Upon her retirement, she had served the school for forty-three (43) years. Soror Gladys was noted for and remembered as a teacher who touched the lives of thousands of youngsters. As adults, these individuals still refer to her as a loving, caring person who not only instructed but also who con­ tributed to their becoming capable, productive citizens.

Soror Davis Simon brought to Alpha Kappa Omega Chapter the experience of having attended a National Boule at Wiley College as an undergraduate. This experience gave our chapter a head starts in creating programs to support the national thrust of the sorority. She was married to George F. Simon, an active member of Phi Beta Sigma Fraternity, in 1947. Both enjoyed traveling to sorority and fraternity meetings. The information gained from Soror Simon’s travels aided the sorority’s networking efforts and establishment as a chapter on the move. She was a dedicated Life Member of the YWCA and Trinity First United Methodist Church.

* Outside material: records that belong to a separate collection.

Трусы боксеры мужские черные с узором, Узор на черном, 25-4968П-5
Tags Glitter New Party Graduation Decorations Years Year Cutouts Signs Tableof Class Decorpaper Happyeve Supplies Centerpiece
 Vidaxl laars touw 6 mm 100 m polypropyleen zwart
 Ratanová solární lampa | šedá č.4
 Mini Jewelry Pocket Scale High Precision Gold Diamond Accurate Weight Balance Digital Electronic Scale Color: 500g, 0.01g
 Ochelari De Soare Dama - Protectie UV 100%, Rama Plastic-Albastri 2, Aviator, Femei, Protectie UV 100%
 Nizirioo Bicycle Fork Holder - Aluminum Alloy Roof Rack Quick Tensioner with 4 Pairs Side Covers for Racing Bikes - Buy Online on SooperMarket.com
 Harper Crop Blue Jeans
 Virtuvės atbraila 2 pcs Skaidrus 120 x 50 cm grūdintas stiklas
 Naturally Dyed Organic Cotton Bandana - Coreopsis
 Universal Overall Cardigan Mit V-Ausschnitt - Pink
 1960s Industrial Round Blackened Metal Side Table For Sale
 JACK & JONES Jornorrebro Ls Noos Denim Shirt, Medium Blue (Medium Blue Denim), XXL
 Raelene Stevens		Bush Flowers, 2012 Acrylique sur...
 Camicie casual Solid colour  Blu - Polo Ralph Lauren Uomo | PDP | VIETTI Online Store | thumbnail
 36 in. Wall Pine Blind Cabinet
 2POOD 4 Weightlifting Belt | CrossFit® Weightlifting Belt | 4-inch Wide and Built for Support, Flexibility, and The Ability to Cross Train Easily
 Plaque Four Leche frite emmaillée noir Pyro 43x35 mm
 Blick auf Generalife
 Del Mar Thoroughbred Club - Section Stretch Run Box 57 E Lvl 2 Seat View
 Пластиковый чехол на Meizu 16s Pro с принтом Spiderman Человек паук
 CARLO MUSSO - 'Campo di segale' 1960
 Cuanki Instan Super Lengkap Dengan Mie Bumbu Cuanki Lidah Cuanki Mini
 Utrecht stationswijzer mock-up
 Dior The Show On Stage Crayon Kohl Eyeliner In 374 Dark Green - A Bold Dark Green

Gladys Davis Simon was the second Basileus of the Alpha Kappa Omega Chapter of Alpha Kappa Alpha Sorority, Inc.

Hazel Hainsworth Young

I, Hazel Hainsworth Young, a founder of Alpha Kappa Omega Chapter of Alpha Kappa Alpha Sorority, Inc., became a soror in Alpha Chapter, Howard University in 1923.

My life began in Navasota, Texas with my parents, Harry Alvin, and Beatrice Cornelia Hainsworth. I am the oldest of three siblings: a brother, Robert Wendell Hainsworth and a sister, Maye Frances Hutson.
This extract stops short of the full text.